İnsanlar en beğendikleri bir şarkıyı bir müddet dinledikten sonra artık dinlemekten sıkılır hale gelirler. Fakat Kur’an-ı Kerim’in bir mucizesi olarak ne kadar dinlense de bıkkınlık vermediği gibi insanı dinlendirmektedir.
Bunların haricinde Kur’an’ın mucize olduğunun delillerinden birkaç örnek daha verip, konumuzu sonlandırmak istiyorum.

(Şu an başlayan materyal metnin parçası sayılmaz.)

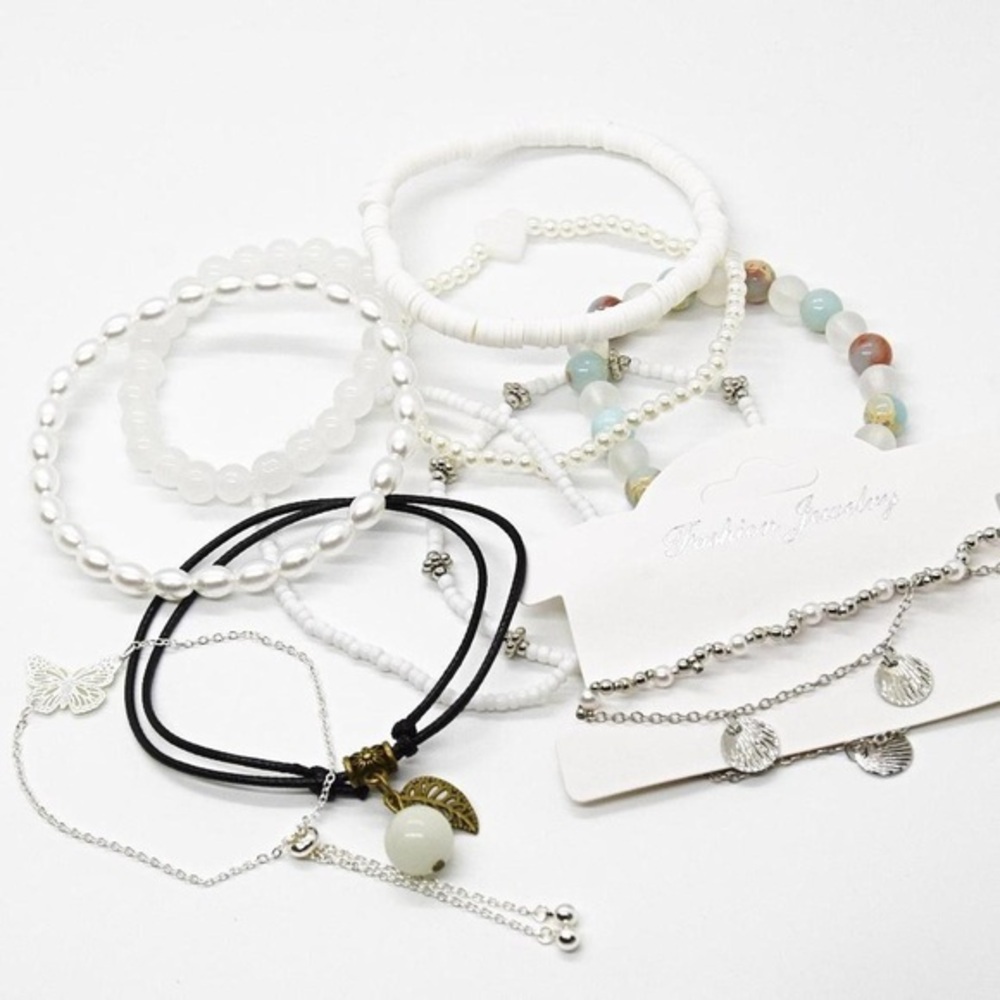 Bundle of Bracelets Jewelry Lot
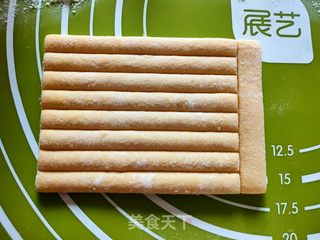 毛毛虫花卷的做法步骤:19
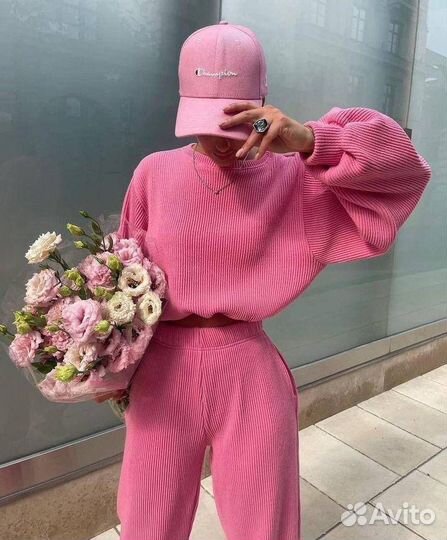 Спортивный костюм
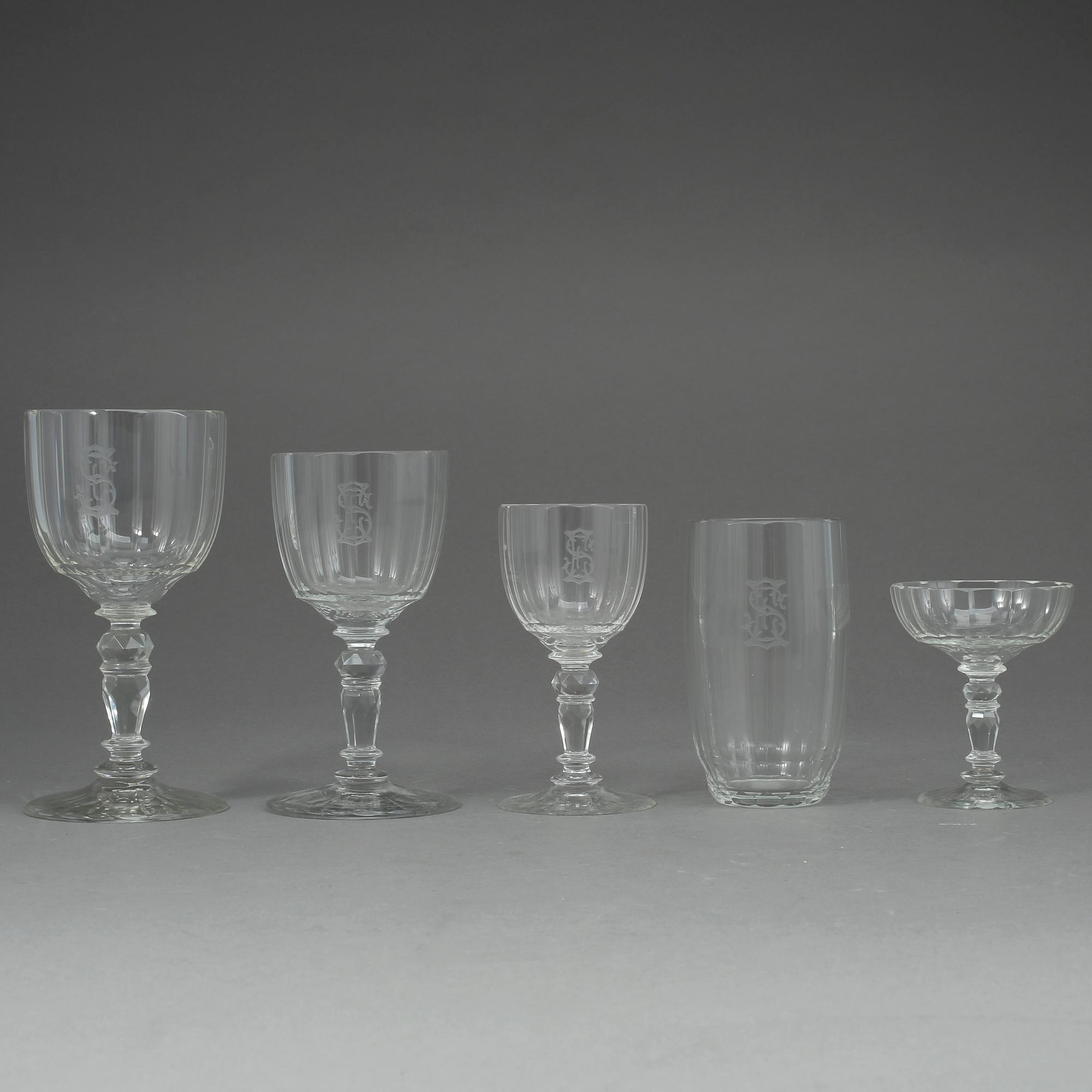 GLASSERVIS, 20 delar, omkring år 1900, och 1 KARAFF, 1940-50-tal.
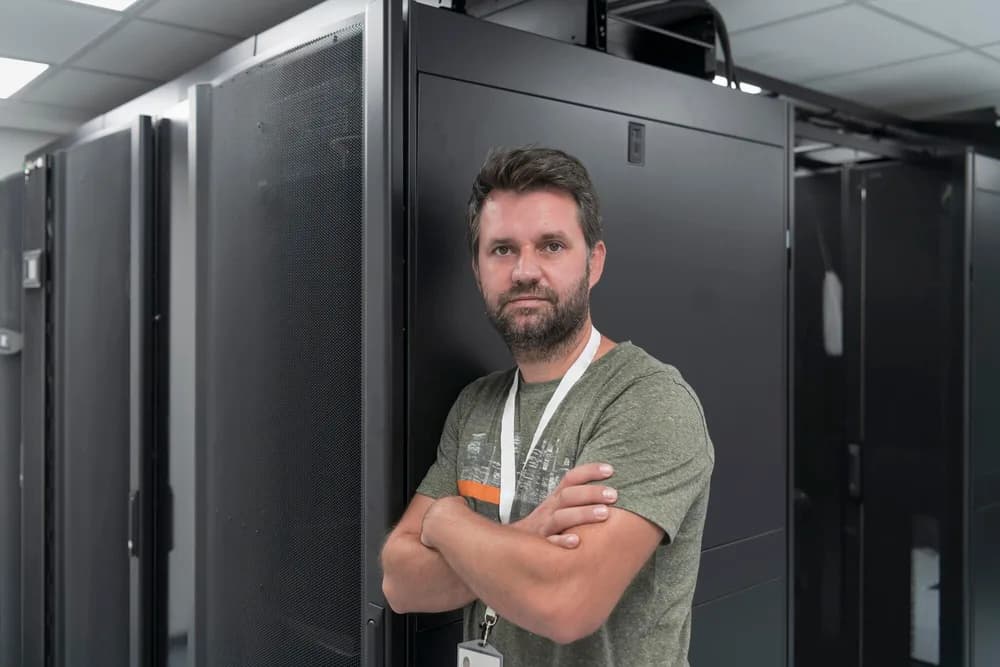 Technik kontroluje zařízení v serverovně.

Dikkat edenlerin gözleyeceği bir hadise, Kur’an-ı Kerim’i hiç bilmeyen bir kişinin çok kısa bir zamanda okumayı öğrenmesidir. Fakat kısa bir süre okumayı bırakırsa, okuya maz hale gelir veya okumada zorlanır. Bu da Kur’an’ın bir mucizesidir.
Ayrıca hafızlığa çalışan çocuklar, birkaç sayfalık başka bir yazıyı ezberlemekte zorluk çekerlerken görürler ki, Kur’ân-ı Hakîm gibi altı yüz sayfalık, yabancı oldukları bir dildeki yazıyı üstelik birçok yerinde birbirine benzeyen yerler olmasına rağmen, gayet kolaylıkla hafızalarına yerleştirmektedirler. Bu da Kur’an’ın bir mucizesidir.
Diğer taraftan konuşmadan ve gürültüden rahatsız olan hastalara ve sekeratta ölüm halinde olanlara karşı, Kur’ân’ın nağmesi ve sadâsı, onlara adeta zemzem suyu gibi hoş ve tatlı gelmektedir. Bu da Kur’an-ı Kerim’in bir mucizesini ispat eder.
Ayrıca tevafuklu adı verilen ve bu tarz üzerine yazılan Kur’an-ı Kerim’lerin özelliği olarak, mesela; Hafız Osman hattıyla basılan Kur’ân-ı Mu’cizü’l-Beyânın yazılan kelimeleri birbirine bakmaktadır. Örnek verilecek olursa, Sûre-i Kehf’te “Sekizincileri köpekleriydi ”kelimesinin altındaki yapraklar delindiğinde Sûre-i Fâtır’daki “Kıtmir” yani Ashâb-ı Kehf’in köpeklerinin adına tevafuk etmektedir.Daha böyle birçok ayet mevcuttur.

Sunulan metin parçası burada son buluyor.